Квантовая история

Тихон Рябцев
Очерк «Идеология и наука истории» затрагивает проблемы науки и заканчивается предложением финансировать исторические исследования через министерства обороны и иностранных дел. Это приближает очерк к научно-фантастическому жанру, и здесь он продолжается с расчетом на перевес науки над фантастикой. При этом на роли науки приглашается не только и не столько история, сколько современная теоретическая физика.

Для начала отметим, что элементарный объект внимания историка – событие, имеющее конкретное место и время. Уже в этом пункте наблюдается полная аналогия с понятием пространства-времени, лежащим в основе теории относительности. Разумеется, пространство и время присутствовали в физике всегда, но только теория относительности стала рассматривать их как единое четырехмерное пространство со специфическим методом измерения расстояния между точками (событиями).

Хотя события истории нельзя прямо отождествлять с точками математического пространства, нельзя отрицать и того, что вся наша жизнь (следовательно, и история) разворачивается в том же пространстве-времени, которое рассматривается в физике. Это пространство никоим образом не распадается на трехмерные подпространства «одновременных» событий, а расстояние между разными его точками может быть нулевым. И если признается реальность этого понятия, то тем самым история перестает «разворачиваться», поскольку в пространстве-времени уже все «развернуто». В этом мире прошлое и будущее сосуществуют.

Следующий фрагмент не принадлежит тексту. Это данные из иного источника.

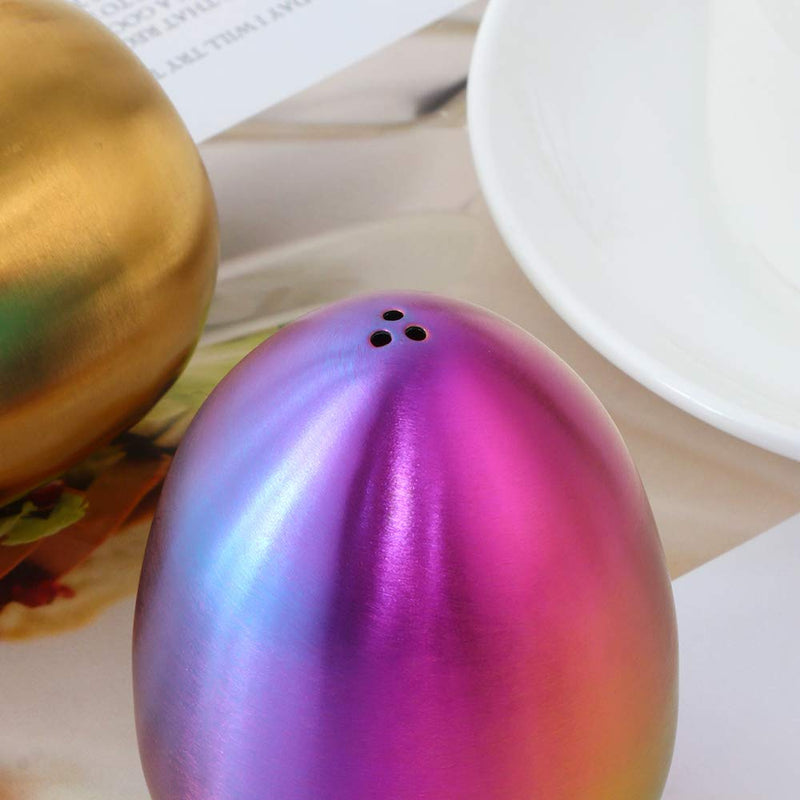 [Australia - AusPower] - 2-Piece Set Rainbow Salt Pepper Shakers, Cute Egg Shape Stainless Steel Condiment Jar for Home and Kitchen Utensils, Comfortable and Ergonomic 2x Rainbow 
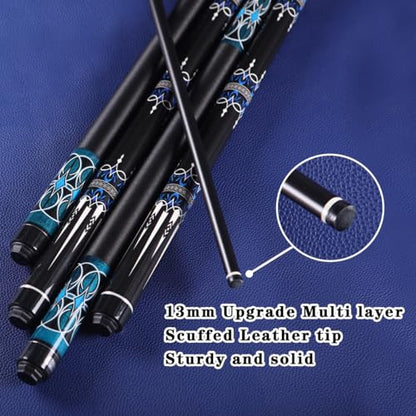Glass Fiber Pool Cue, 2-Pieces Pool Cue Stick - 58" Professional Billiard Pool Cues Sticks, 19-20 oz Professional Pool Stick Set (with Cue Case & Glove) - color: Cue Set B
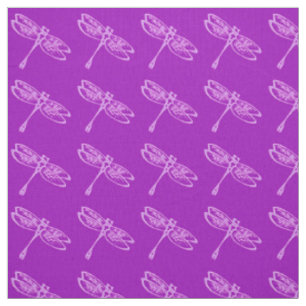 Tissu Dragonflies, orchidée pâle sur violet profond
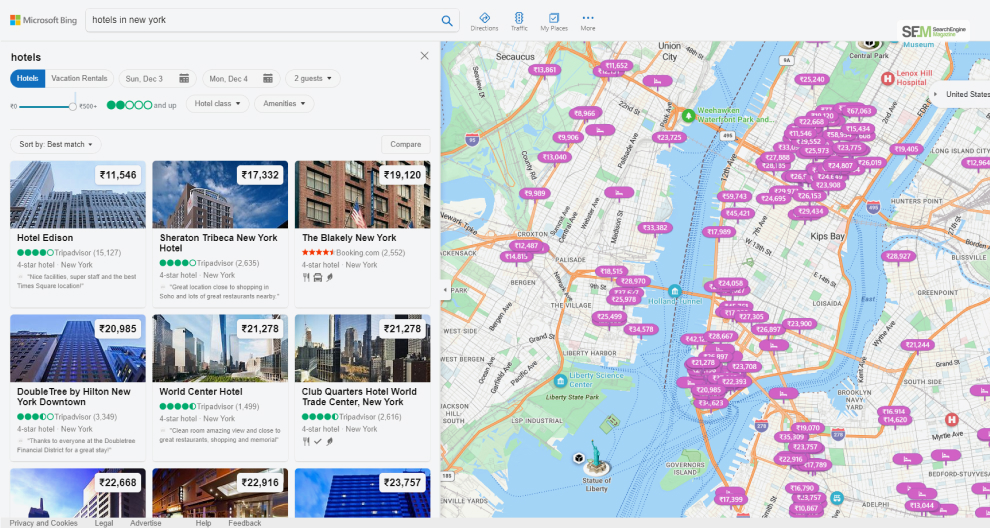 Snapshot showing the hotel suggestions by Bing maps ‘local’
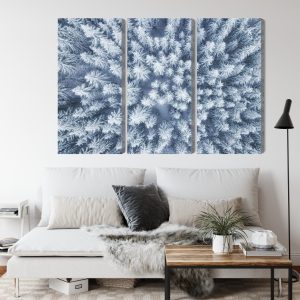 Peinture en plusieurs parties Vue Aérienne De La Forêt D'hiver – Image 4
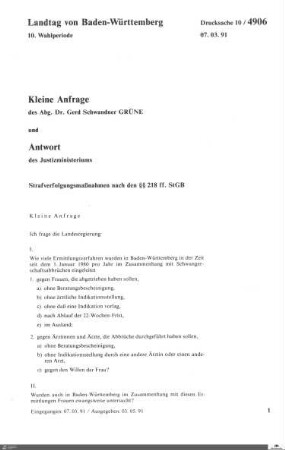 Anfrage der Grünen: Strafverfolgungsmaßnahmen nach §218 StGB (Abtreibung)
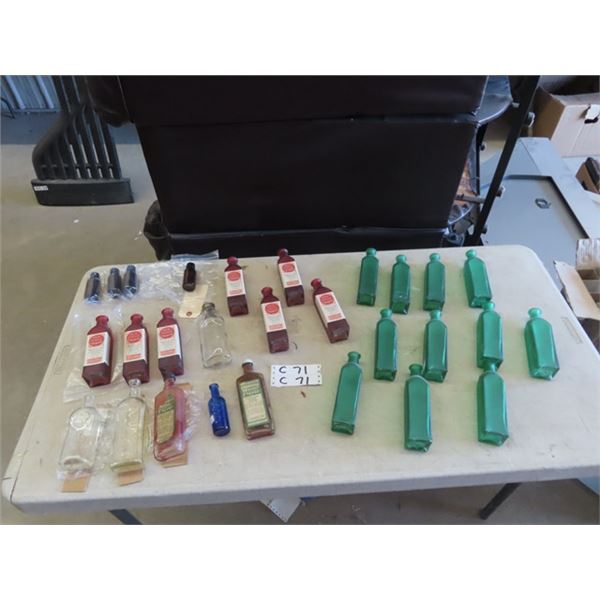 28 Medicine Bottles & Household Spice Bottles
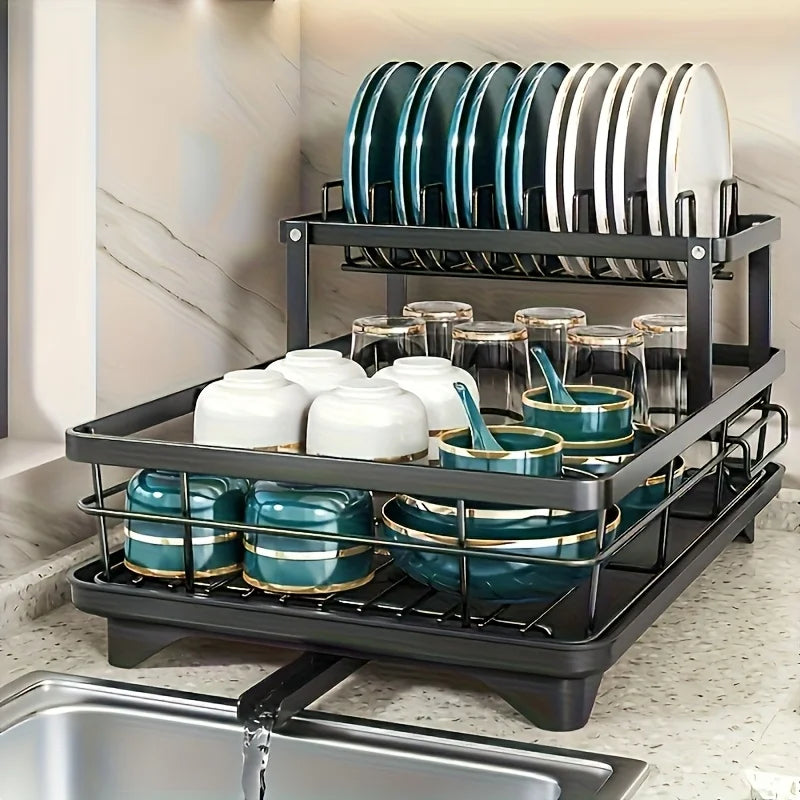 2-Layer Elevated Capacity Drain Rack with Water Tray Rust-Proof Dish Organizer for 4-6 Family Home Commercial Kitchens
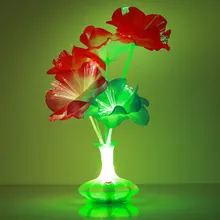 Kapok ваза для дома Оптическое волокно лампа волокно цветочный светильник красивый День Святого Валентина Рождество комната красочный пластиковый цветной букет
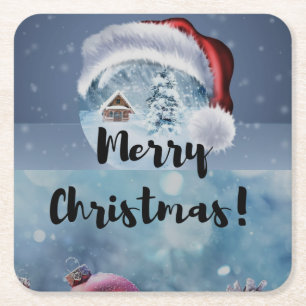 Porta-copo De Papel Quadrado Rena de Natal moderna engraçada e fofa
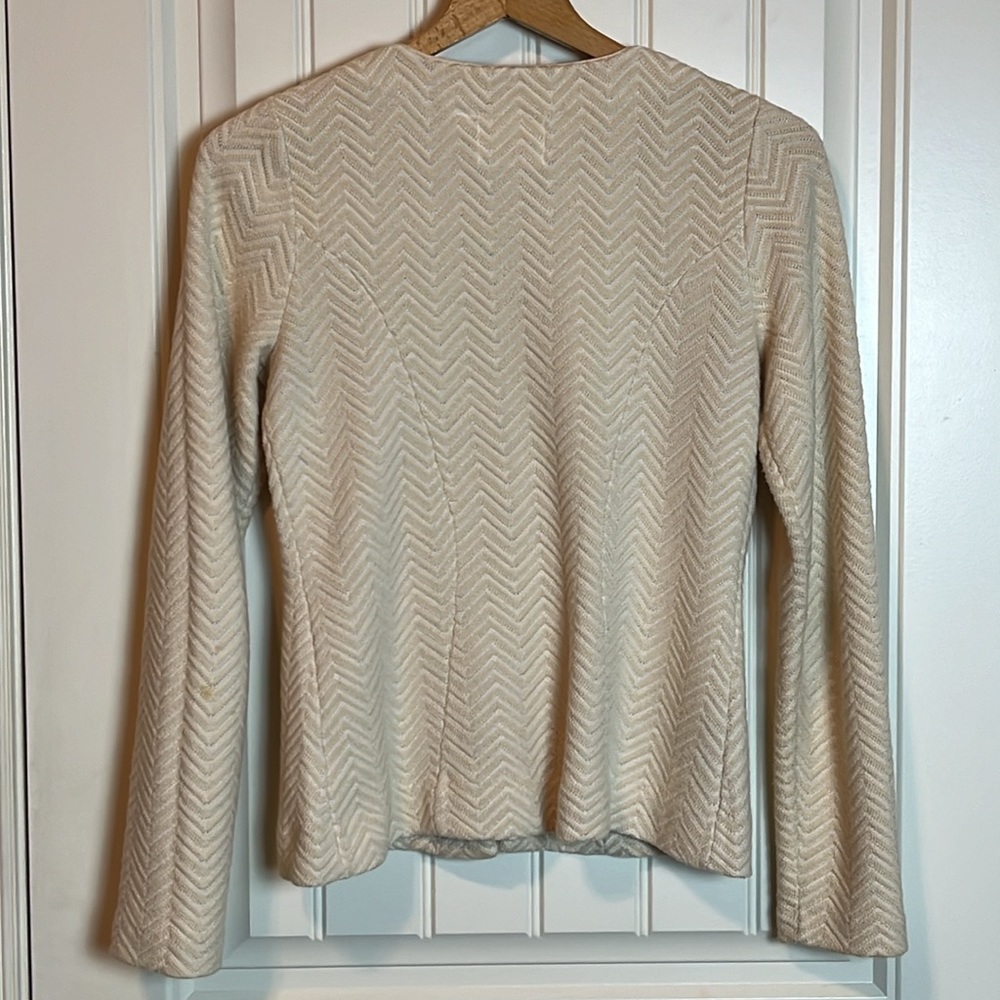 Anthropologie Ivory Chevron Blazer - Picture 7 of 8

Уравнения классической механики Ньютона основаны на понятии ускорения и потому инвариантны к направлению времени. Направленность появляется только при введении в уравнения сил, зависящих от скорости (такие силы имеют немеханическую природу – например, трение). В любом случае проблема детерминизма остается; в наиболее категоричной форме ее выразил П. Лаплас: если записать уравнения движения каждого элемента Вселенной, то можно вычислить ее состояние в любой момент времени. С тем же успехом можно записать одно уравнение, включающее координаты и импульсы всех элементов. Другими словами, будущее полностью определено настоящим (а настоящее – прошлым), и замена классической механики на релятивистскую не меняет этого положения.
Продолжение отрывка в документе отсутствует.